At the same time cook pasta according to instructions on the box.
When the sauce is thick enough add 1/4 cup grated Parmesan cheese.
I always grill a couple of chicken breasts to cut up and serve on top of it.
Wednesday-Chicken Divan, Italian Bread
Thursday– I have MOPS this week and our table is in charge of food so for that I’m making egg and sausage casserole and zucchini bread to take with me. For Dinner I am making Beef taco’s, spanish rice and salad
Friday– Slow cooker beef stroganoff
I add some salt, pepper and garlic to this recipe. I also double the sauce but keep the cream cheese and the Worcestershire amounts the same. Reduce the cook time to 5-6 hour on low. Add a dollup of sour cream when you add the cream cheese. I will add a bullion cube and half a packet of onion soup mix 🙂
Saturday-Cinnamon Vanilla French toast, eggs, and piggies (sausage links)

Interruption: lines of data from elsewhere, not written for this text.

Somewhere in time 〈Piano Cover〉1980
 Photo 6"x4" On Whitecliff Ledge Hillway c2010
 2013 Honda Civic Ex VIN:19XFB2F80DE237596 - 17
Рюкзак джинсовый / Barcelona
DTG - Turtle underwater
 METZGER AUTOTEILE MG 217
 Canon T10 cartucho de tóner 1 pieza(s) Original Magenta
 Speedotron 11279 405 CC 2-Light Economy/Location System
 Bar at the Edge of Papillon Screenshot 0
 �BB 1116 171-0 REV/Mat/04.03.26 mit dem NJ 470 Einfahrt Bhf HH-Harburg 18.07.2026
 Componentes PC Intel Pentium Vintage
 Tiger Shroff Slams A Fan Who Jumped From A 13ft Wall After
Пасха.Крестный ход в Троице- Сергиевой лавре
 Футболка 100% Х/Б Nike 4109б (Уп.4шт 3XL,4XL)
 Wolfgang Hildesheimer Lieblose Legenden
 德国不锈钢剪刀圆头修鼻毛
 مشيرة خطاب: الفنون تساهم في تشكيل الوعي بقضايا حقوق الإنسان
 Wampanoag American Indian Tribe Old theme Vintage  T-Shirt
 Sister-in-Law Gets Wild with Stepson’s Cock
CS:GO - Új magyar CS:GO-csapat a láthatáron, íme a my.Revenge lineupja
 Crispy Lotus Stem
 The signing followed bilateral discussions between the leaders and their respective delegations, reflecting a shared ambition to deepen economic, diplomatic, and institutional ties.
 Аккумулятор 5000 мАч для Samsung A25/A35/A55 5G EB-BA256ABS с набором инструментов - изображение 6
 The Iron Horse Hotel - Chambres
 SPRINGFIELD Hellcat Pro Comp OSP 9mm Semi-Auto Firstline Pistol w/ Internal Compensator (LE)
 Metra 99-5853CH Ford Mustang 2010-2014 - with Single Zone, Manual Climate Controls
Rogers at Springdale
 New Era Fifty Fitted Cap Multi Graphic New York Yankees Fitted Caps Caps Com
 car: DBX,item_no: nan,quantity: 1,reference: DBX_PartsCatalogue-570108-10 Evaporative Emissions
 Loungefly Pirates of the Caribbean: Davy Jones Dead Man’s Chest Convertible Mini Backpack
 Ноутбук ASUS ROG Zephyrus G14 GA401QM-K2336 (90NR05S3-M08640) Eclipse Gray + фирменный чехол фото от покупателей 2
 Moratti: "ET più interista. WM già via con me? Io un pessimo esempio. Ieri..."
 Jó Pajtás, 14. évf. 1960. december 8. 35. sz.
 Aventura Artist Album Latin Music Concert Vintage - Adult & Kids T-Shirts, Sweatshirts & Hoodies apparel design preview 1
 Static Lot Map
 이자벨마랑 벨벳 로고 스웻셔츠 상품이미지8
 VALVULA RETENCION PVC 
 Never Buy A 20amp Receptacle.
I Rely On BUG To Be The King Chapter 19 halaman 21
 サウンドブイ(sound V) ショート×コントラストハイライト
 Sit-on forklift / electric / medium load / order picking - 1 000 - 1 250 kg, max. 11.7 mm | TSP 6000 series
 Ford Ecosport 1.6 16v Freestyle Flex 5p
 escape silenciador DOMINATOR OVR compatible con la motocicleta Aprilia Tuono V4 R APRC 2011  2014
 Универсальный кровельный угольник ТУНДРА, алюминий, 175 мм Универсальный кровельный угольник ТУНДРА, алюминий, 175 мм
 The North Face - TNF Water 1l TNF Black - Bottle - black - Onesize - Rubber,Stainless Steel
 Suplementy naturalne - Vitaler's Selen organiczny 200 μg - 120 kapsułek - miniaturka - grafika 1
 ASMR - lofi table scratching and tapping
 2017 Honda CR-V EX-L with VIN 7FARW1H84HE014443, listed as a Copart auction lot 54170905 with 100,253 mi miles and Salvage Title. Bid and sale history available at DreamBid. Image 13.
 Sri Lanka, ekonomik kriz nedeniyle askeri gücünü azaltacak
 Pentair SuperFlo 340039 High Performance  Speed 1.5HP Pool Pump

This is a new recipe for me. I found it clipped out of a magazine but I’m not sure which one.
1/2 cup chopped carrot
1/3 cup finely chopped onion
1/3 cup chopped celery
2 tablespoons butter or stick of margarine
1/4 cup all-purpose flour
2 cans (14-1/2 ounces each) reduced-sodium chicken broth
2 cups cooked long grain rice
1 cup cubed cooked chicken
1/2 teaspoon salt
1/4 teaspoon pepper
1/8 teaspoon garlic powder
1 cup milk
2 tablespoons lemon juice
1 tablespoon white wine, optional
In large saucepan, saute the carrot, onion and celery in butter until tender. Stir in flour until blended. Gradually stir in broth. Add the rice, chicken, salt, pepper and garlic powder; bring to a boil. Reduce heat; cover and simmer or 10-15 minutes or until vegetables are tender. Reduce heat to low. Stir in the milk, lemon juice and wine if desired. Cook and stir for 5 minutes or until heated through.
Should be easy 🙂
I am also going to bake almond bread this week 🙂 My mister likes to take it to work for breakfast.